[Opening Material provided section]

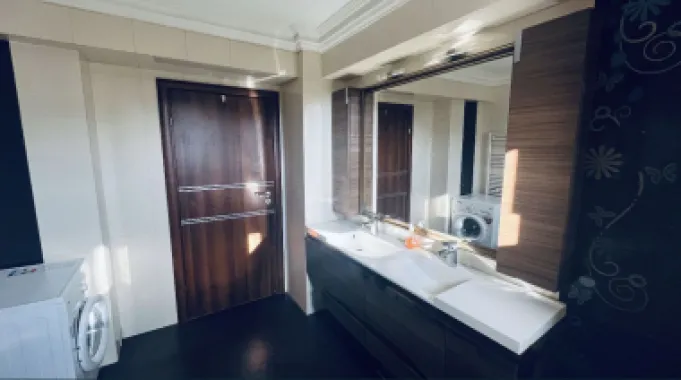 Vand ap 3 camere Eden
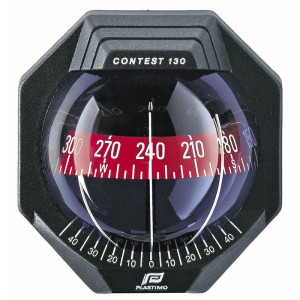 Plastimo CONTEST-130,Z/C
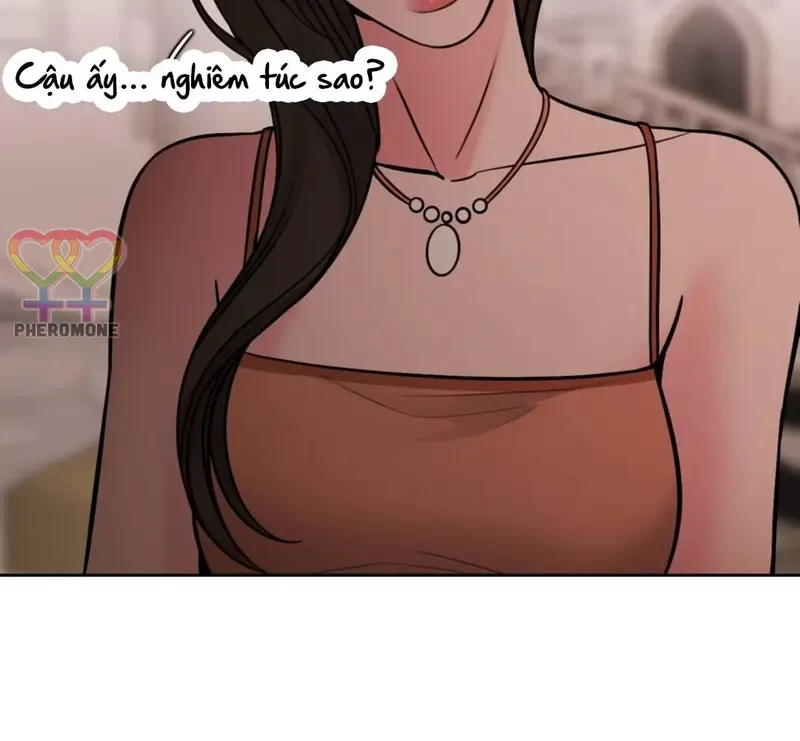 Ruthless GL Chapter 109.2 - 14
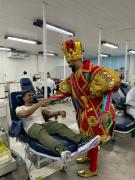 Campanha Axé que Salva Vidas (2).jpeg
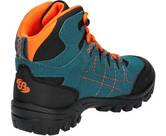 Vorschau: BRÜTTING Herren Bergstiefel Outdoorstiefel Mount Shasta Kids Hi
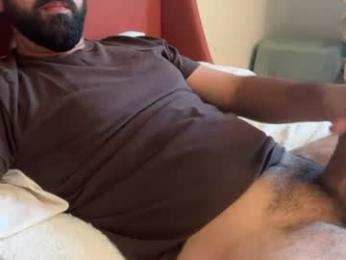 hungdaddydickk webcam model stream image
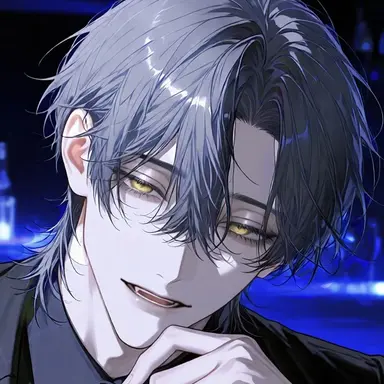 Profile image of 美空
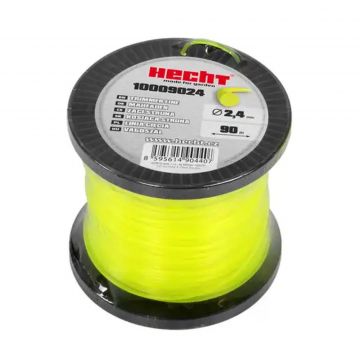 Fir Trimmer (rotund) Hecht 10009024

[Closing Material provided section]

■ **Task details**
Apart from the pictures, return the records exactly.

■ **Solution to the exercise**
 Vand ap 3 camere Eden
 Plastimo CONTEST-130,Z/C
 Ruthless GL Chapter 109.2 - 14
 Campanha Axé que Salva Vidas (2).jpeg
 Vorschau: BRÜTTING Herren Bergstiefel Outdoorstiefel Mount Shasta Kids Hi
 hungdaddydickk webcam model stream image
 Profile image of 美空
 Fir Trimmer (rotund) Hecht 10009024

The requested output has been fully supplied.